Por outro lado, António Burity da Silva, ao passar um cheque de dois milhões de euros a partir da sua conta particular domiciliada nas Ilhas Caimão, incorre também no crime de enriquecimento ilícito (Art. 25.º, 1.º, g), por ostentar um património financeiro incompatível com os seus rendimentos enquanto agente público.

António Burity da Silva, Pinda Simão e André Soma incorrem ainda no crime de enriquecimento ilícito (Art. 25.º, 1.º, j, k, da Lei da Probidade Pública) por integração, no seu património privado, de um terreno público sob tutela do Ministério da Educação. A referida legislação aplica-se também ao vice-ministro Pedro Sebastião Teta e ao actual conselheiro do comandante-geral da Polícia Nacional e reitor da UnIA, comissário Carlos Burity da Silva.

A acção de André Soma também viola a Lei da Probidade (Art. 18.º, 1.º, 2.º, a), por ter recebido de oferta a quantia de US $6,500 em troca da disponibilização de um terreno afecto ao Ministério da Educação, sob sua tutela enquanto responsável provincial do sector, bem como para a realização de actos administrativos a favor da DEA.

Para além das sanções penais, a Lei da Probidade (Art. 30.º, 1.º, b) prevê, para casos desta natureza, que os responsáveis pelos actos de corrupção estejam sujeitos, entre outra medidas, à “perda dos bens ou valores acrescidos ilicitamente ao seu património, ressarcimento integral do dano, se houver, perda da função pública, pagamento de multa de até três vezes o valor do acréscimo patrimonial ilícito e proibição de contratar com entidades públicas ou receber incentivos ou benefícios fiscais ou creditícios, directa ou indirectamente, ainda que por intermédio de pessoa colectiva da qual seja sócio maioritário, pelo prazo de 10 anos”.

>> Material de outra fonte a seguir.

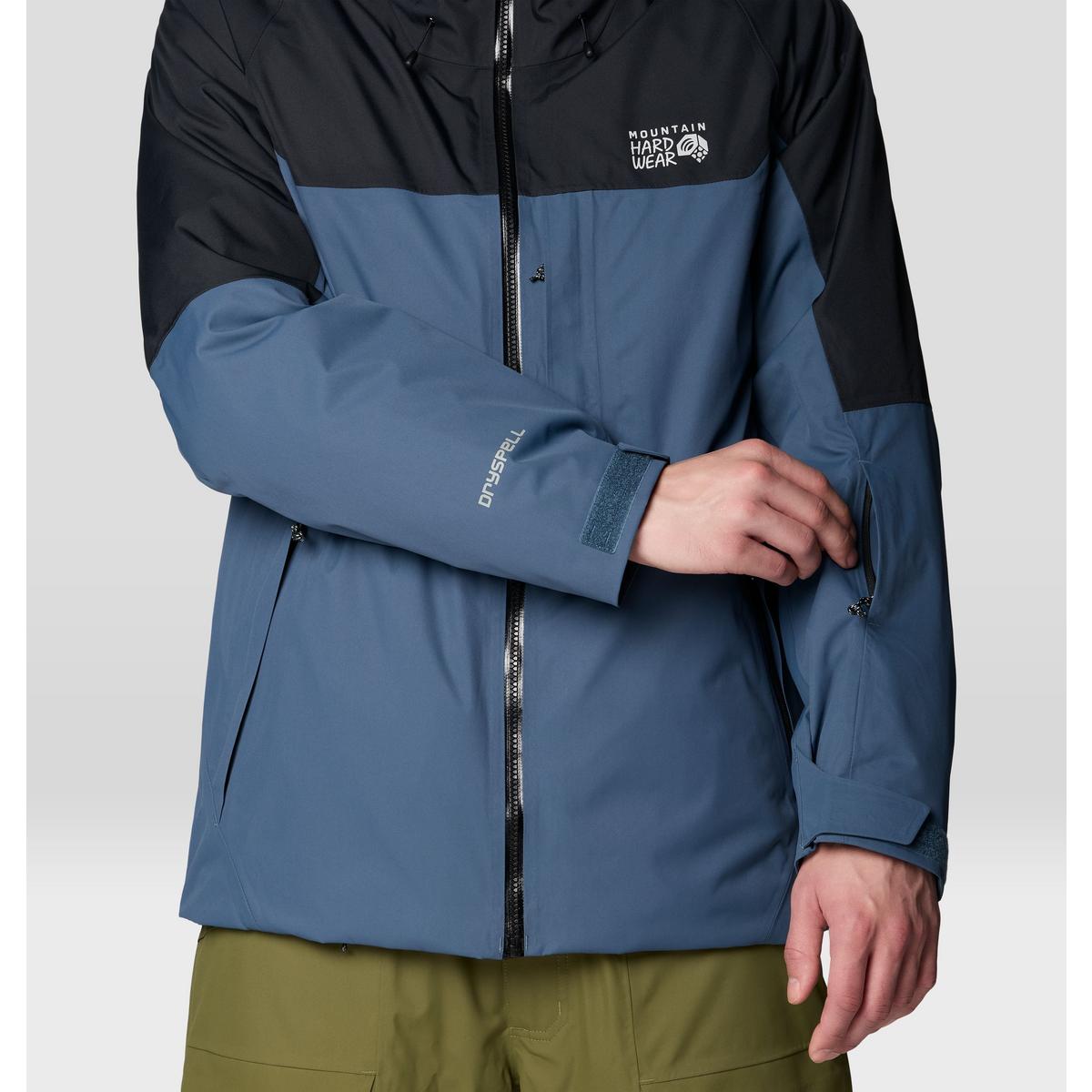 Men's waterproof ski jacket with two-tone blue and black colorblock design, Dryspell branding on sleeve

Mas, entre pares, os sócios da DEA continuarão a contar com a solidariedade dos seus colegas do governo. Foi pela via da solidariedade institucional e da cobertura dos actos de corrupção que a ministra da Comunicação Social, Carolina Cerqueira, anunciou recentemente:  “Quando o ministério estiver a licenciar e autorizar o funcionamento das rádios comunitárias, a Rádio UnIA será das primeiras a merecer tal privilégio, visto que está na lista das prioridades pela sua importância.”

Conclusão

Em circunstâncias normais, e por lei, os sócios da DEA, ainda em funções públicas, deviam perder os seus cargos e responder em tribunal.

No entanto, os conflitos de interesse e actos de corrupção do ministro Burity da Silva e seus coadjutores, o seu irmão Carlos Burity da Silva, Pinda Simão e Pedro Sebastião Teta, tiveram o alto patrocínio do presidente da República. É o chefe de Estado e Governo o principal responsável e promotor dos actos mais gritantes de corrupção que têm lugar ao nível do governo, porque passam pelo Conselho de Ministros, onde invariavelmente José Eduardo dos Santos os aprova.

Assim, a corrupção é institucional. Qualquer política de combate contra a corrupção, dada a gravidade da situação no aparelho do Estado, deve ser, na verdade, um combate contra a institucionalização da corrupção pelo Presidente José Eduardo dos Santos, o garante da impunidade.